You could try to use this with LEFT JOINs also, I think.  If you find
that a row can't match later, don't write it to the batch file;
instead, return a null-extended row immediately.

> (2) We could push a Bloom filter down to scans
> (many other databases do this, and at least one person has tried this
> with PostgreSQL and found it to pay off[1]).
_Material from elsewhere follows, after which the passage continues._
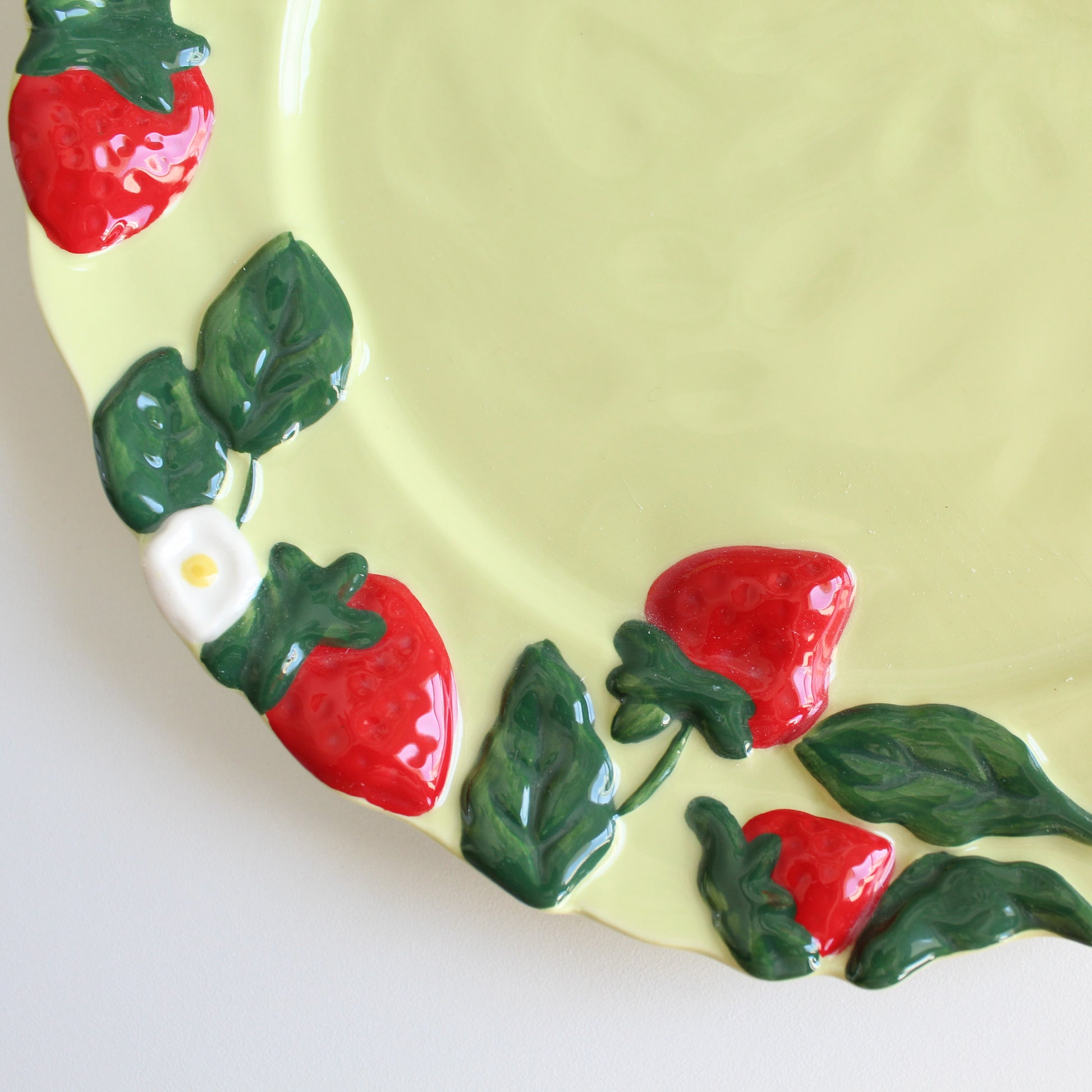 Close-up of strawberry embossed handpainted stoneware dessert plate, green ceramic dish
I think the hard part is going to be figuring out a query planner
framework for this, because pushing down the Bloom filter down to the
scan changes the cost and the row-count of the scan.  This is
essentially a less-tractable version of the problem of deciding how
many parallel workers to use; in that case, at least, the number of
works must be an integer, so we could resort to trying them all, if
the costing model were otherwise good enough.  But here the thing that
matters is selectivity, which is a continuous rather than discrete.
Consider:

SELECT * FROM A LEFT JOIN (B INNER JOIN C ON B.x = C.x) ON A.y = B.y
LEFT JOIN D ON A.z > D.z;

Since the A-D join is not an equijoin, we'll have to implement it as a
nested loop; a case could also arise where a nested loop is the only
efficient strategy even for an equijoin, for example if D is huge.
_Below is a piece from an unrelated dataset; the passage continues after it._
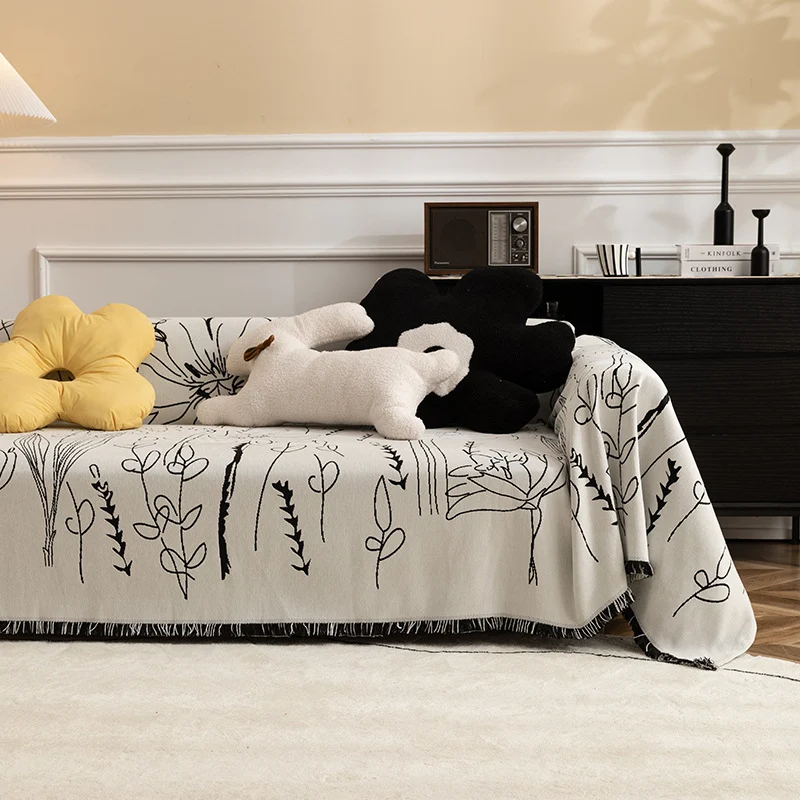 Fine woven sofa cover and furniture throw with floral line drawing and decorative fringed edge Stornfield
Now, suppose the join to B-C is going to knock out 90% of the rows and
the join to D is going to knock out 50% of the rows, and that these
two percentages are independent of each other.  Normally, it would be
a slam-dunk to perform the B-C join first, but the Bloom filter
muddies the waters, because it might well be the case that what we
should really do is build the Bloom filter, apply it, then do the A-D
join, and do the A-(B-C) join last.  However, in order for the planner
to find that plan, it's going to need to be able to cost the nestloop
with an outer path that corresponds to a scan of A with the Bloom
filter applied.  And where is that path going to come from?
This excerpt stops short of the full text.